▸ TASK: Return the lines that run from the beginning of the entries to the line holding "Geöffnete schwarze Handtasche", inclusive, and drop the pictures.

(Items from a data source)

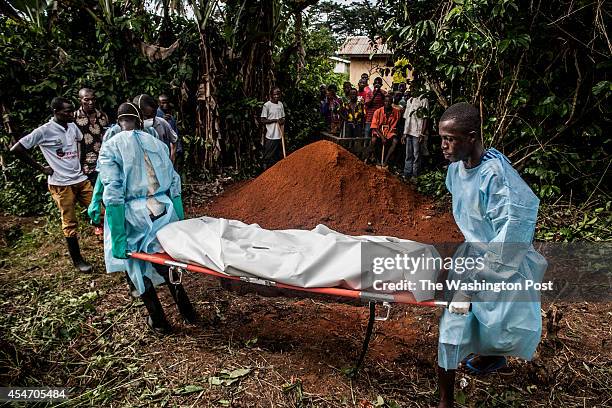 Members of a Red Cross burial team prepare to bury the body of a woman suspected of dying of Ebola in the village of Dia, Sierra Leone, on Monday,...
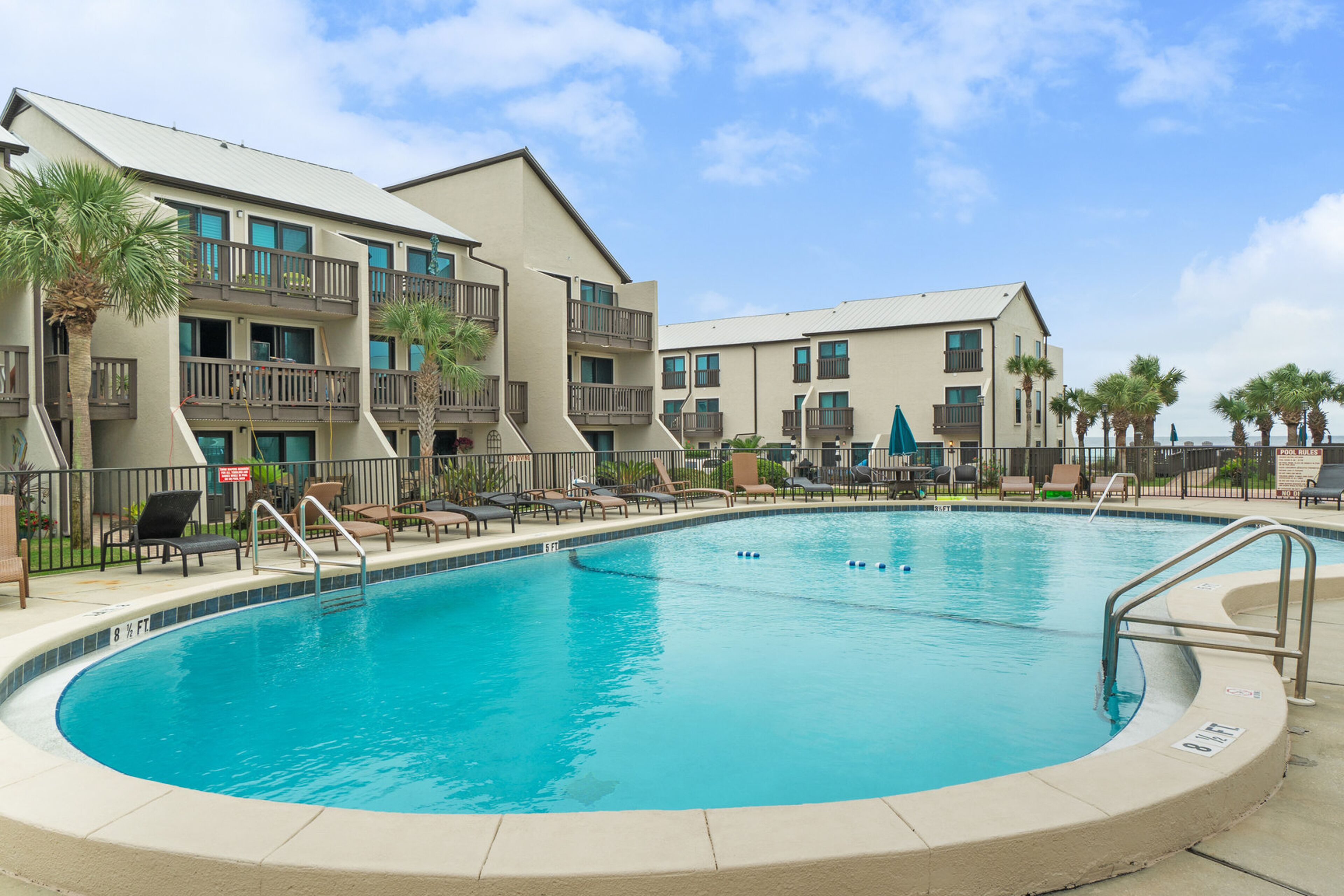 Three-story condo in beachfront complex with patios, balconies, pool & hot tub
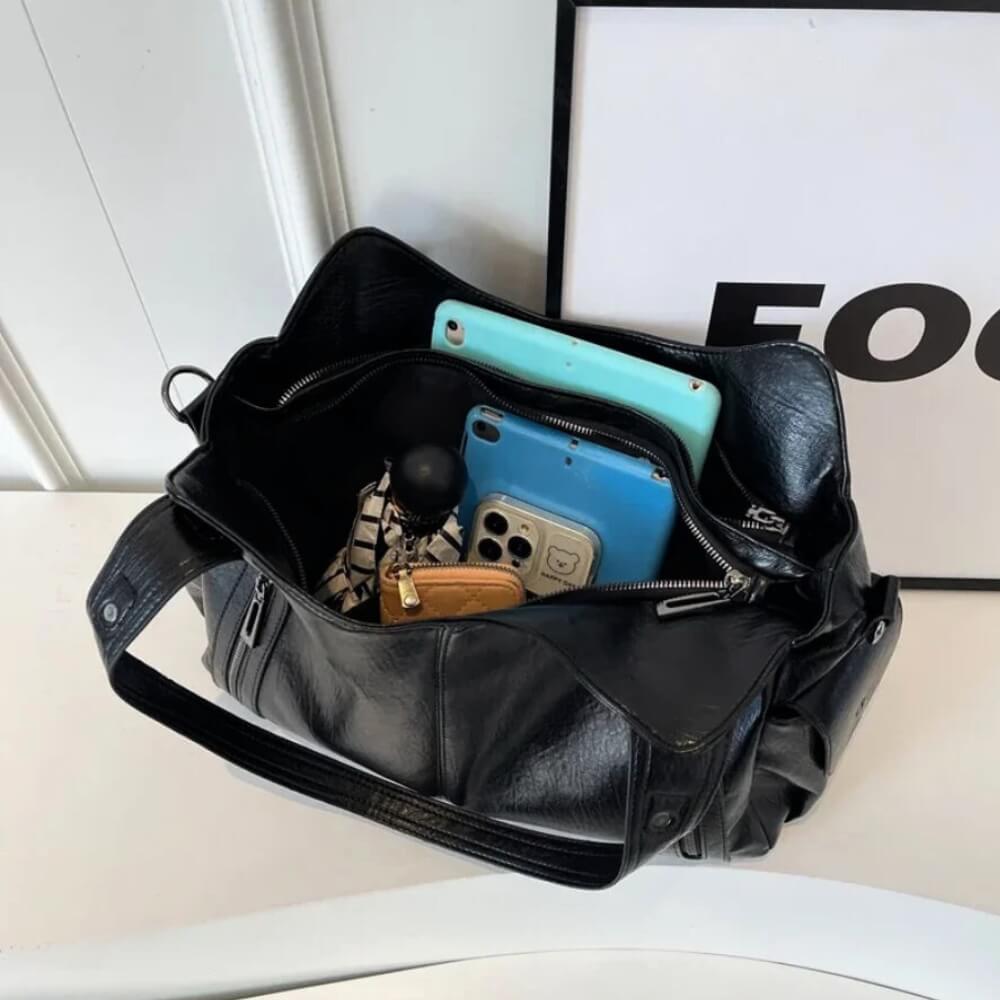 Geöffnete schwarze Handtasche mit geräumigem Innenraum, gefüllt mit Tablet, Smartphone, Portemonnaie und weiteren Alltagsgegenständen.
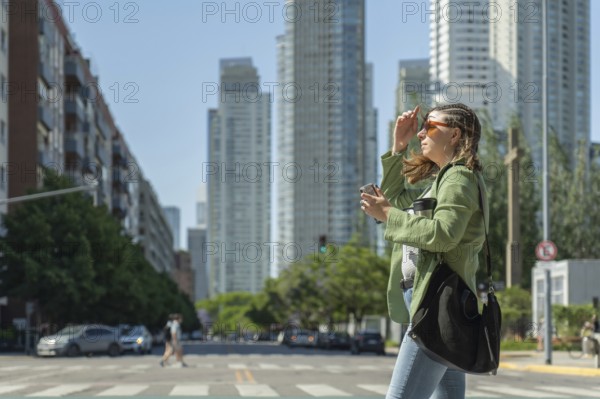 Young businesswoman crossing the street holding a coffee and protecting herself from the sun in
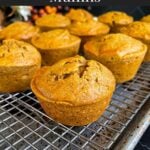 Sweet potato muffins on a wire rack inside a baking sheet on a dark surface.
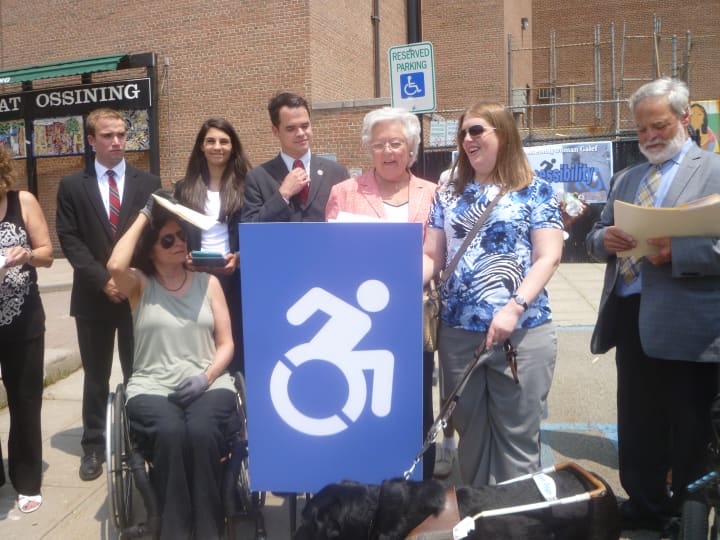 Assemblywoman Sandy Galef and state Sen. David Carlucci show off the new accessible signs in Ossining.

▸ THE COMPLETED TASK:
 Members of a Red Cross burial team prepare to bury the body of a woman suspected of dying of Ebola in the village of Dia, Sierra Leone, on Monday,...
 Three-story condo in beachfront complex with patios, balconies, pool & hot tub
 Geöffnete schwarze Handtasche mit geräumigem Innenraum, gefüllt mit Tablet, Smartphone, Portemonnaie und weiteren Alltagsgegenständen.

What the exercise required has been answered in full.